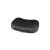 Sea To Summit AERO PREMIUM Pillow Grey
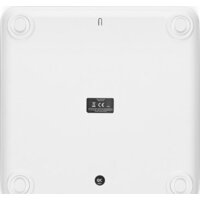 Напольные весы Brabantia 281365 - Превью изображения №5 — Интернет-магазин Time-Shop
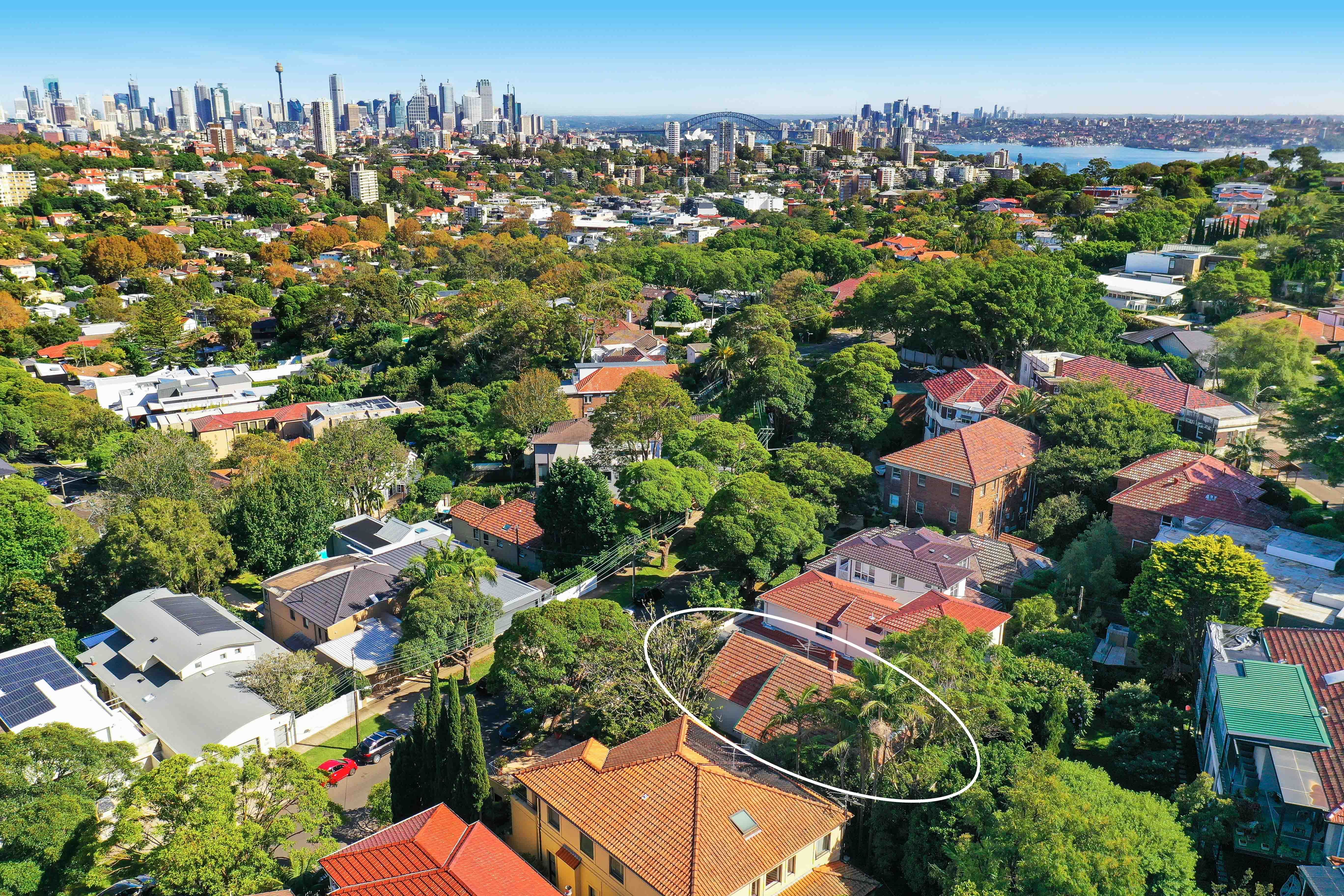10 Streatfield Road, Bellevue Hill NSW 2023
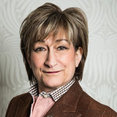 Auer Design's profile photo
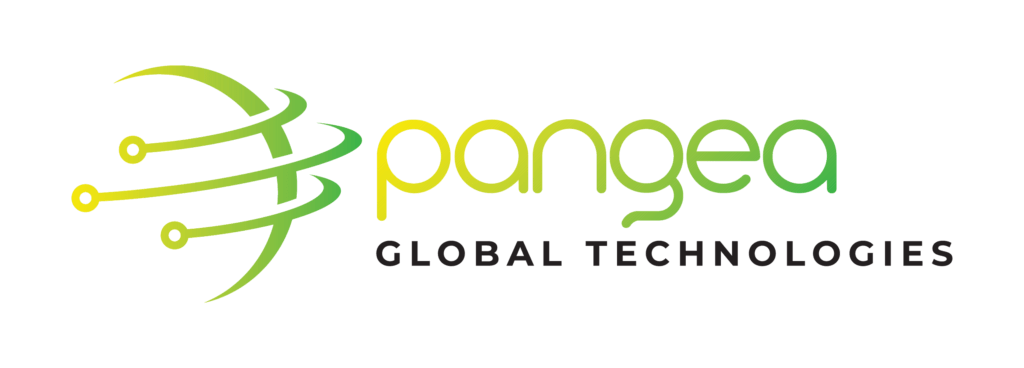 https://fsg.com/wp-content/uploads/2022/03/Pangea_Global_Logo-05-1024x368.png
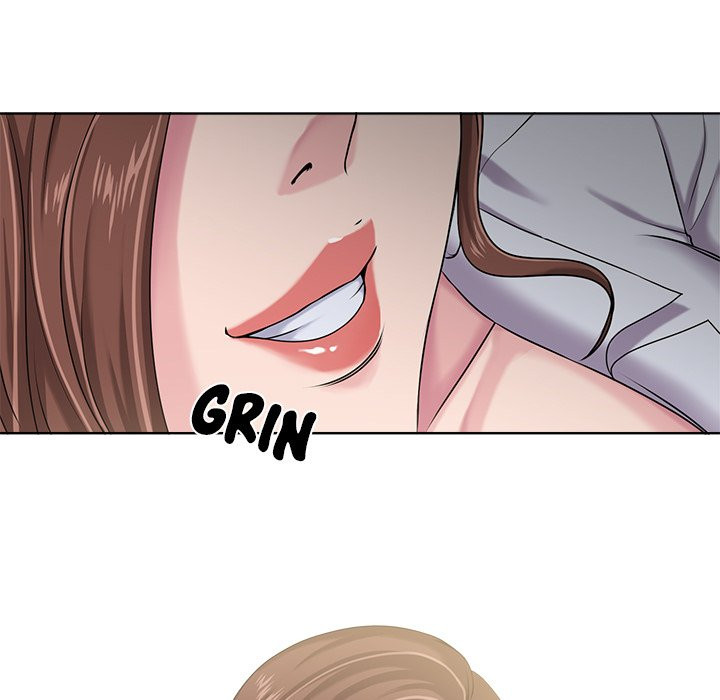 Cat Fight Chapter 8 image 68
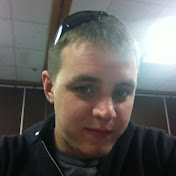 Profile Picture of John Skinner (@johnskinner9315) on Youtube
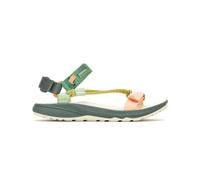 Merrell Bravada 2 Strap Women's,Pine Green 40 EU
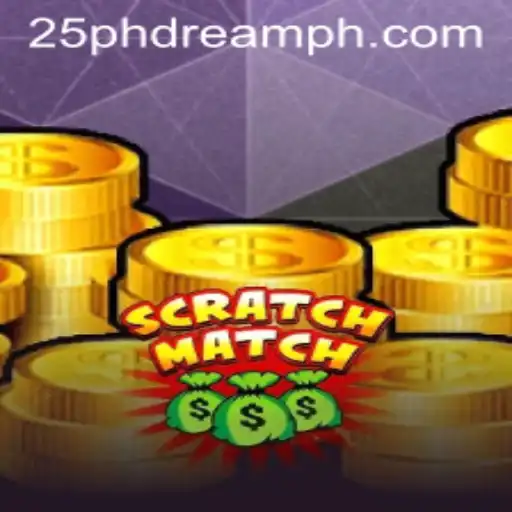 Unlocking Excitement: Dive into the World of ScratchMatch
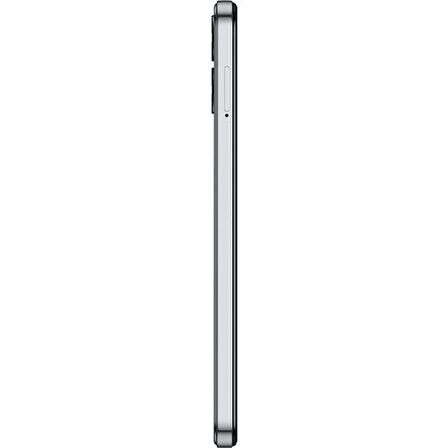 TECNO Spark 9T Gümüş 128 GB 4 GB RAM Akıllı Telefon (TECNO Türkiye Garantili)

--

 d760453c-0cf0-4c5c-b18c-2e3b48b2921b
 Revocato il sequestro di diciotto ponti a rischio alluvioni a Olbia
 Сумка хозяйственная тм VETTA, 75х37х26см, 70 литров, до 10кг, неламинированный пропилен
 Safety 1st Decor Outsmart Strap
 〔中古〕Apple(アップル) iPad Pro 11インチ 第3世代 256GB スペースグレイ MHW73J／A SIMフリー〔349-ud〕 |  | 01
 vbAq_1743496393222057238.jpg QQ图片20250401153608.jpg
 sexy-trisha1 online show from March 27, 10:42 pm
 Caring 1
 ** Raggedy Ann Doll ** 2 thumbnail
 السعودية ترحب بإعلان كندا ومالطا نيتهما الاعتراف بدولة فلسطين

◆ **Try it**: Using the data above, return the lines from the one holding "Sea To Summit AERO PREMIUM Pillow Grey" through the one holding "Profile Picture of" exactly, but not the pictures.

◆ **Written answer**:
 Sea To Summit AERO PREMIUM Pillow Grey
 Напольные весы Brabantia 281365 - Превью изображения №5 — Интернет-магазин Time-Shop
10 Streatfield Road, Bellevue Hill NSW 2023
 Auer Design's profile photo
 https://fsg.com/wp-content/uploads/2022/03/Pangea_Global_Logo-05-1024x368.png
 Cat Fight Chapter 8 image 68
 Profile Picture of John Skinner (@johnskinner9315) on Youtube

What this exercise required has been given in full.